French scientist (1907–1986)

André de Cayeux de Senarpont (known as André Cailleux, 24 December 1907 - 27 December 1986) was a French paleontologist and geologist known for being a pioneer in planetary geology.

==Career==
He was born in Paris, France. After earning his Ph.D. in 1942, he became a specialist in glacial and periglacial morphology. His studies of terrestrial geology spanned the globe: he participated in missions to America, Greenland, Poland, Guyana, Mauritania, the Sahara and the Antarctic. In 1960, he represented the French government on an American polar expedition to Antarctica.

Early in his career, his interest in the application of mathematics to his fields of study, especially that of planetology, led him to the observatory of Paris-Meudon. He suggested and started applying geological science to planetary bodies other than the Earth as early as 1948, studying and publishing on the geomorphology and physics of the Moon, Mars, and other planets.

He conducted scientific conferences in 20 foreign countries, taught at the Sorbonne, Université Laval in Quebec, and the California Institute of Technology, and published 390 scientific works, on geomorphology, oceanography, hydrology, glaciology, petrography, mineralogy, geography, paleontology, planetary geology, and history.

Cailleux was a Christian and proponent of theistic evolution.

==Personal life==
Cailleux was the grandfather of entrepreneur Laetitia Garriott de Cayeux.

==Bibliography==
- Détermination pratique des roches, (with A. Chavan) Centre Documentation Universitaire, 1952, 2 volumes.
- Les Roches, Paris: Presses Universitaires de France, 1952.
- La Glace et les glaciers, (with V. Romanovsky) Paris: Presses Universitaires de France. 1953.
- Cryopédologie, Paris: Hermann, 1954
- Détermination pratique des minéraux, (with A. Chavan) Paris: Sedes, 1957.
- Détermination pratique des fossiles, (with A. Chavan) Paris: Masson, 1957.
- La Géologie, Paris: Presses Universitaires de France, 1956.
- Biogéographie mondiale, Paris: Presses Universitaires de France, 1953.
- Histoire de la Géologie, Paris: Presses Universitaires de France, 1968
- L'Anatomie de la Terre, Paris: Hachette, 1968.
- L'Antarctique, Paris: Presses Universitaires de France, 1967.
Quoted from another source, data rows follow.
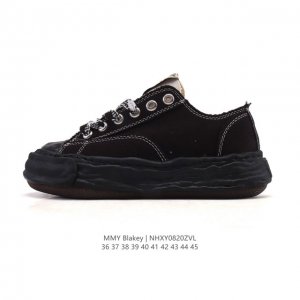 A company-level favorite of Shawn Yue, the Mmy Blakey dirty shoes, the same ret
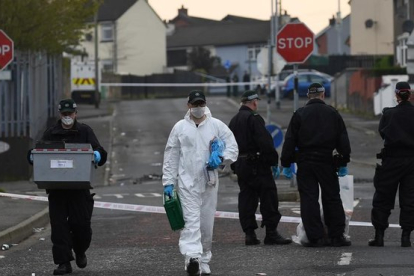 La policía examina el lugar donde asesinaron a la periodista Lyra McKee en Irlanda del Norte.-REUTERS / CLODAGH KILCOYNE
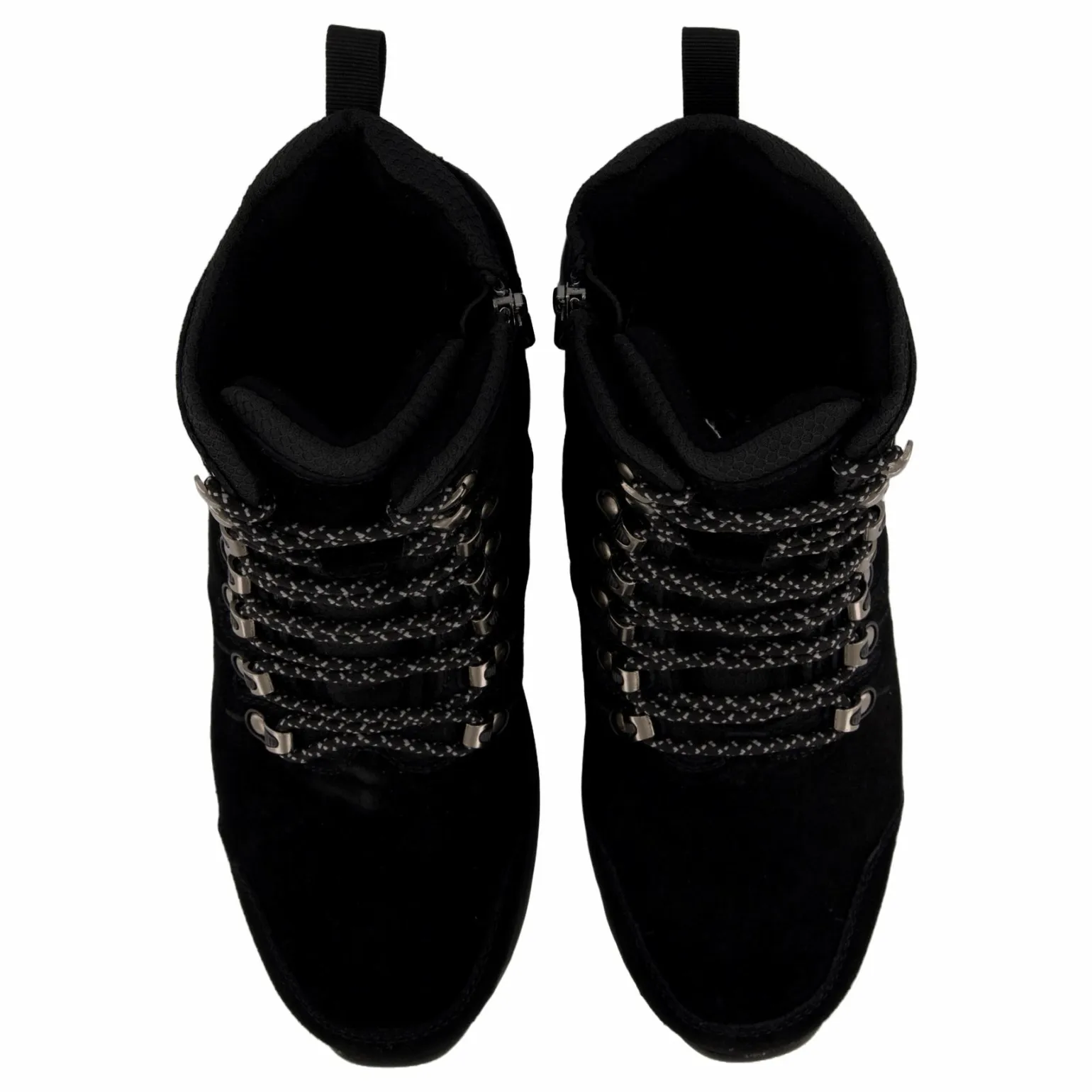 Woodford L Studs Black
He was also the author of many papers.

===English translations===
- Anatomy of the Earth, New York, McGraw-Hill Book Company, 1968. Translated by J. Moody Stuart. ISBN 0-07-016223-9.
- Three Billion Years of Life, Stein and Day, New York, 1968. Translated by Joyce E Clemow. ISBN 0-8128-1349-9.
- Introduction to climatic geomorphology, Longman, 1972. Translated by Conrad J.Kriewiet de Jonge.

==Awards and honors==
- The crater Cailleux on the Moon was named after him by the International Astronomical Union.
- André Cailleux received many honors and awards, including the Croix de Guerre (1940), the Chevalier of the Legion of Honor (1952), and the French medal of recognition (1953).
- The André Cailleux medal is awarded by the Association Québécoise pour l'étude du Quaternaire.